En résumé, nous achetons des sociétés :

– cotant au moins 30 % sous leur valeur d’actif net net calculée selon la formule suivante : actif circulant (ou actif courant) – dettes – provisions (si celles-ci ne sont pas incluses dans les dettes) – intérêts des minoritaires. Ensuite, si nous constatons au cours du dernier exercice comptable, un ralentissement dans la rotation des stocks ou des créances, nous redressons la valeur du fond de roulement net pour tenir compte de ce paramètre.

– dont le ratio de solvabilité est d’au moins 0,4. On calcule le ratio de solvabilité selon la formule suivante : fonds propres / (dettes + provisions – trésorerie et placement de trésorerie)

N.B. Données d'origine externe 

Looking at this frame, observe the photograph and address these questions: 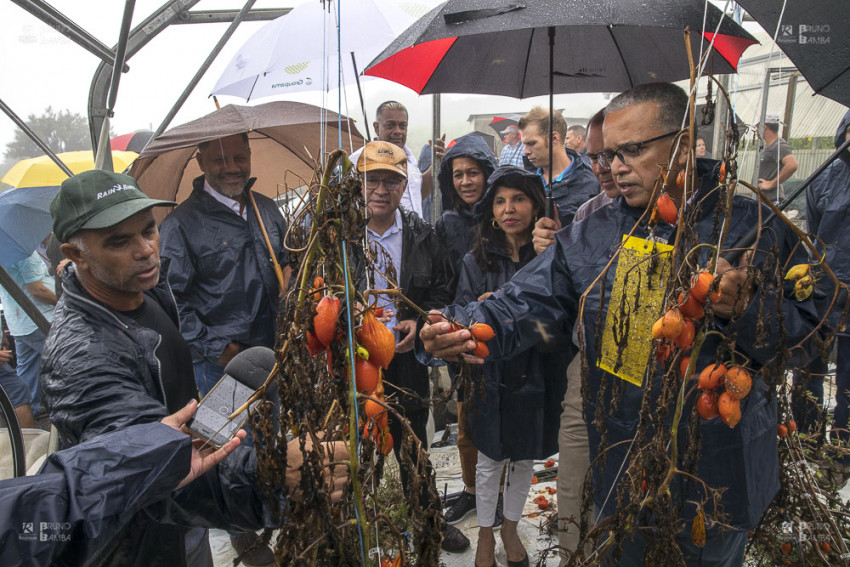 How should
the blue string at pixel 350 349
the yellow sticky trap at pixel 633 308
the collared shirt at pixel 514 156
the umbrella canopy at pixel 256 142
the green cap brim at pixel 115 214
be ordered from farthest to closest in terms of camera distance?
the collared shirt at pixel 514 156
the umbrella canopy at pixel 256 142
the green cap brim at pixel 115 214
the yellow sticky trap at pixel 633 308
the blue string at pixel 350 349

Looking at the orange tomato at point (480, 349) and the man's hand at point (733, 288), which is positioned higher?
the man's hand at point (733, 288)

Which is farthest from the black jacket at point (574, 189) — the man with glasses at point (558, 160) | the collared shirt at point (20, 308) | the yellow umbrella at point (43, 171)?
the collared shirt at point (20, 308)

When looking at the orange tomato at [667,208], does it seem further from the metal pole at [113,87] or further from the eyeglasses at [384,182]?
the metal pole at [113,87]

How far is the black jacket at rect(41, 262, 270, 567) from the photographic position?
4.83 feet

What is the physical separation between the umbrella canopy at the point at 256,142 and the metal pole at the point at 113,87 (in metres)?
0.17

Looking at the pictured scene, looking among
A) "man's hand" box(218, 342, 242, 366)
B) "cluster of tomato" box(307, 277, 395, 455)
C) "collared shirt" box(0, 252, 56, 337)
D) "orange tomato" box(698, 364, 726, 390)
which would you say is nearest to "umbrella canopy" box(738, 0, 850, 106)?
"orange tomato" box(698, 364, 726, 390)

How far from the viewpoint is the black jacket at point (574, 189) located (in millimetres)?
3508

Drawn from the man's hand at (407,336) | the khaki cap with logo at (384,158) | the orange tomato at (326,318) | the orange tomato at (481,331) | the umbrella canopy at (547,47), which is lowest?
the man's hand at (407,336)

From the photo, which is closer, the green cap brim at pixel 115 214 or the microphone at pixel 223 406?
the microphone at pixel 223 406

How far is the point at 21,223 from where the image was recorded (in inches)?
153

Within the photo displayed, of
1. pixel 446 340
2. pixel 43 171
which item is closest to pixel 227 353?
pixel 446 340

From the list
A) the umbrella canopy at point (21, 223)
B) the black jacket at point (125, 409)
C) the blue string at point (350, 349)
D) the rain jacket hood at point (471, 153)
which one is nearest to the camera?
the blue string at point (350, 349)

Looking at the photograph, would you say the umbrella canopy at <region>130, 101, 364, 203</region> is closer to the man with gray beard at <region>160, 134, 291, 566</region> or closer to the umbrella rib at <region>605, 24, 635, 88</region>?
the man with gray beard at <region>160, 134, 291, 566</region>

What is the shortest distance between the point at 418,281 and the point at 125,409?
193 centimetres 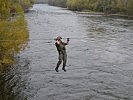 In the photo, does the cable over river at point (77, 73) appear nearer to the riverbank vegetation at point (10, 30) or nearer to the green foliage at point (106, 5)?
the riverbank vegetation at point (10, 30)

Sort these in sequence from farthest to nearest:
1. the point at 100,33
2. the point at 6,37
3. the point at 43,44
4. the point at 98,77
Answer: the point at 100,33
the point at 43,44
the point at 98,77
the point at 6,37

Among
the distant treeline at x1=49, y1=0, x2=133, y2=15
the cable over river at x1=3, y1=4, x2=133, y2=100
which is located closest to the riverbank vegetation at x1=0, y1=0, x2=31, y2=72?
the cable over river at x1=3, y1=4, x2=133, y2=100

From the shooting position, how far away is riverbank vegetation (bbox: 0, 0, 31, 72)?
33.6 m

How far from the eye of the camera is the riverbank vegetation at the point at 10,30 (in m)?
33.6

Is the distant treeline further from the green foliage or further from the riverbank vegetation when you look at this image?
the riverbank vegetation

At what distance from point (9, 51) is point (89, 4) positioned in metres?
122

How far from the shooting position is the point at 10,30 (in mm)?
35062

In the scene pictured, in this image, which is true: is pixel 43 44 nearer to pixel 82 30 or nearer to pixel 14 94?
pixel 82 30

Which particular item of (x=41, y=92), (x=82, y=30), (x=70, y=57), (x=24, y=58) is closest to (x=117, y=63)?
(x=70, y=57)

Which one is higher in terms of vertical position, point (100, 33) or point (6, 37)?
point (6, 37)

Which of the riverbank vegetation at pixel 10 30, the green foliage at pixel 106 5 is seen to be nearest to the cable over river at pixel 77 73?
the riverbank vegetation at pixel 10 30

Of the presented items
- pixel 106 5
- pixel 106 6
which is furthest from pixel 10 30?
pixel 106 5

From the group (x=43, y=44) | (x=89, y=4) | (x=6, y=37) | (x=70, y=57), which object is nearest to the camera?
(x=6, y=37)

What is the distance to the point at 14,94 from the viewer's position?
99.3 ft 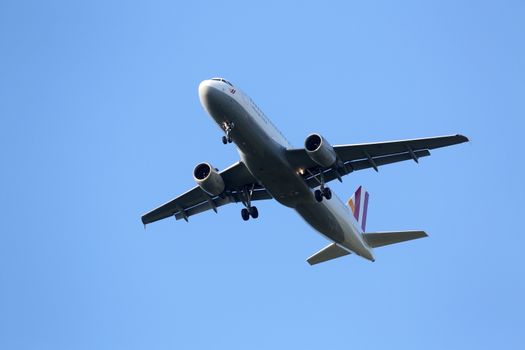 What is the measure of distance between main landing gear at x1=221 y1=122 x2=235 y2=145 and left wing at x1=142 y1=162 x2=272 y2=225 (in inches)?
130

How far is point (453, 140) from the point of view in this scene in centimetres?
3906

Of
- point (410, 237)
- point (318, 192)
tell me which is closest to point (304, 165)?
point (318, 192)

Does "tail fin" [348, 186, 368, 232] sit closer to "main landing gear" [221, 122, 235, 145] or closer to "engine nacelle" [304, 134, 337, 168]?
"engine nacelle" [304, 134, 337, 168]

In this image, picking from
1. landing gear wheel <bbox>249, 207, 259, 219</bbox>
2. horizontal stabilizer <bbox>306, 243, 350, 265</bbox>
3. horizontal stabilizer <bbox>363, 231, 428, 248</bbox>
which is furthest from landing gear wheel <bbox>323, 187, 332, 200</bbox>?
horizontal stabilizer <bbox>306, 243, 350, 265</bbox>

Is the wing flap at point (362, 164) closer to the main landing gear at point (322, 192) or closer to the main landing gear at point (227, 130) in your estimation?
the main landing gear at point (322, 192)

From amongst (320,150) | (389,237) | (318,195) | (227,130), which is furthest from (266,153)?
(389,237)

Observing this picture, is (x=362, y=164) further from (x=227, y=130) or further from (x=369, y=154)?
(x=227, y=130)

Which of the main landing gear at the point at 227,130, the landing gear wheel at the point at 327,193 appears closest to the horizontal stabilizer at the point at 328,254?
the landing gear wheel at the point at 327,193

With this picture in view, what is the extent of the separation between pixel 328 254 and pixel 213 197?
23.6 feet

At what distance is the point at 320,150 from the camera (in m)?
39.2

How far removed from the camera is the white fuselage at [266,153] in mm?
38812

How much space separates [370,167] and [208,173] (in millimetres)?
7788

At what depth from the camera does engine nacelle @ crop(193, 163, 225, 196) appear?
41.9 metres

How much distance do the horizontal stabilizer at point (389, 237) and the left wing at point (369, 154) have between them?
4712 millimetres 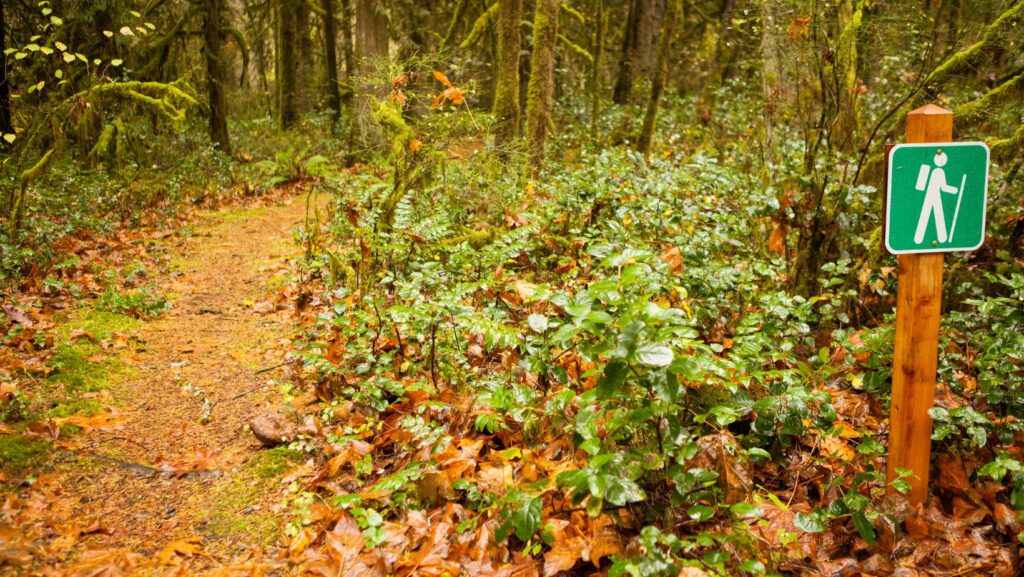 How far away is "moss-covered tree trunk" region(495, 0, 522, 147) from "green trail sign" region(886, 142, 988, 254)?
21.2 feet

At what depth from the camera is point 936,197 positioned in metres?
2.63

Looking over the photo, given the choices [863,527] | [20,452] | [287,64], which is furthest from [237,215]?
[863,527]

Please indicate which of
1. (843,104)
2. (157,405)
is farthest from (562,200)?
(157,405)

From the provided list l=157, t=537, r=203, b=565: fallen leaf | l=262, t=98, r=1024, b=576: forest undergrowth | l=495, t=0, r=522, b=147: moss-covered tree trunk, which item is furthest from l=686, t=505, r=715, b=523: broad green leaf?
l=495, t=0, r=522, b=147: moss-covered tree trunk

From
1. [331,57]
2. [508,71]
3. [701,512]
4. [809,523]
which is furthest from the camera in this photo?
[331,57]

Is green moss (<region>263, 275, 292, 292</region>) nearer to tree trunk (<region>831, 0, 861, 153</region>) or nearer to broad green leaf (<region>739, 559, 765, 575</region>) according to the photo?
tree trunk (<region>831, 0, 861, 153</region>)

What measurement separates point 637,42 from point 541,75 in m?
9.17

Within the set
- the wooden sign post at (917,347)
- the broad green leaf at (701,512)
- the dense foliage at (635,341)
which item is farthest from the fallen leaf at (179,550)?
the wooden sign post at (917,347)

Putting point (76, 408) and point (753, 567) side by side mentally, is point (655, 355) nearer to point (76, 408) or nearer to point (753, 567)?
point (753, 567)

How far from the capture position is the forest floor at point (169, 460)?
294cm

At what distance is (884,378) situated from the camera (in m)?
3.45

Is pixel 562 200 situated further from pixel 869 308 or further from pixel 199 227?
pixel 199 227

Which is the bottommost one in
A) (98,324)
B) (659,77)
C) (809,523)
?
(809,523)

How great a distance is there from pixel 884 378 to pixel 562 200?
340 cm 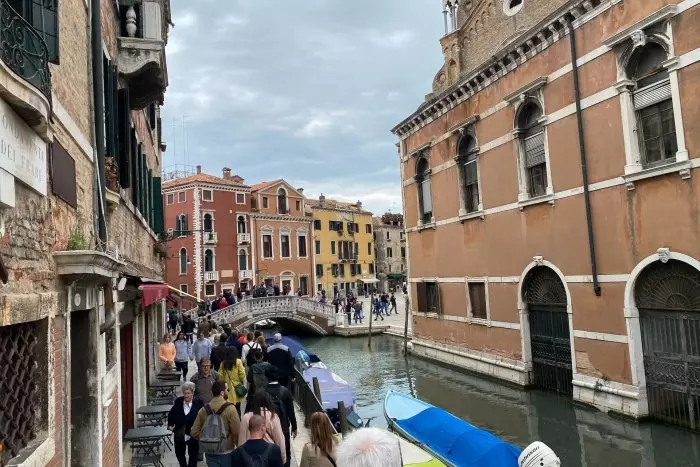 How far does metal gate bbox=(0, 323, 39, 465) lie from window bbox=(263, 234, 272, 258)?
37.9 meters

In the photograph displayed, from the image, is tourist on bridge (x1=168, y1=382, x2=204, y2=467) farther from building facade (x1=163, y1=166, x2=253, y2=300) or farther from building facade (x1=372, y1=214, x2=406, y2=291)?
building facade (x1=372, y1=214, x2=406, y2=291)

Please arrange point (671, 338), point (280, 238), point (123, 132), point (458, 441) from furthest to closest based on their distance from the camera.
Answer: point (280, 238) < point (671, 338) < point (458, 441) < point (123, 132)

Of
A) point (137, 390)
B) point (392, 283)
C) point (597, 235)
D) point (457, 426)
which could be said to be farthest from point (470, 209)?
point (392, 283)

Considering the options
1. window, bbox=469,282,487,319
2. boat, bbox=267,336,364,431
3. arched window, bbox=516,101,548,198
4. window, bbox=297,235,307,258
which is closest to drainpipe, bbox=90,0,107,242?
boat, bbox=267,336,364,431

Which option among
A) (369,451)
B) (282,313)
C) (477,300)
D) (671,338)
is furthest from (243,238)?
(369,451)

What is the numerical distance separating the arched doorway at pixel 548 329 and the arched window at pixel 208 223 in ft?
92.3

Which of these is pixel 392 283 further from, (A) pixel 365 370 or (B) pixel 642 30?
(B) pixel 642 30

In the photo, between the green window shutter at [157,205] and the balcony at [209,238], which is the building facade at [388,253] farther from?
the green window shutter at [157,205]

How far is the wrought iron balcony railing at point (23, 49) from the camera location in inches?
118

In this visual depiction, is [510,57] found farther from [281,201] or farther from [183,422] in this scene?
[281,201]

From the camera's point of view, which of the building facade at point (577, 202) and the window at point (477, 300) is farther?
the window at point (477, 300)

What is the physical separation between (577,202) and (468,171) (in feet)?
15.6

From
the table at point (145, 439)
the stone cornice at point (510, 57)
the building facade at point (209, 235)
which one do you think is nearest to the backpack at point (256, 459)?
the table at point (145, 439)

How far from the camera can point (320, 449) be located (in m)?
4.04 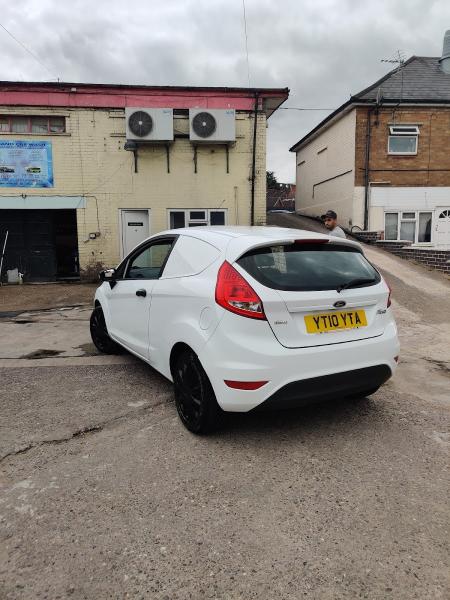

Nous excluons automatiquement les sociétés générant un chiffre d’affaires nul ou inférieur à 5 % de la valeur d’actif net net, les sociétés dont la dernière cotation officielle avant le jour d’achat remonte à plus de 5 jours ouvrables, les sociétés faisant partie de certains secteurs que nous avons jugé arbitrairement comme « inadaptés » à la méthode « net net » comme la biotechnologie et le private equity.

Enfin, si le marché ne nous propose aucune société avec une ristourne de 20 % sur la valeur du fond de roulement net, nous resterons liquide.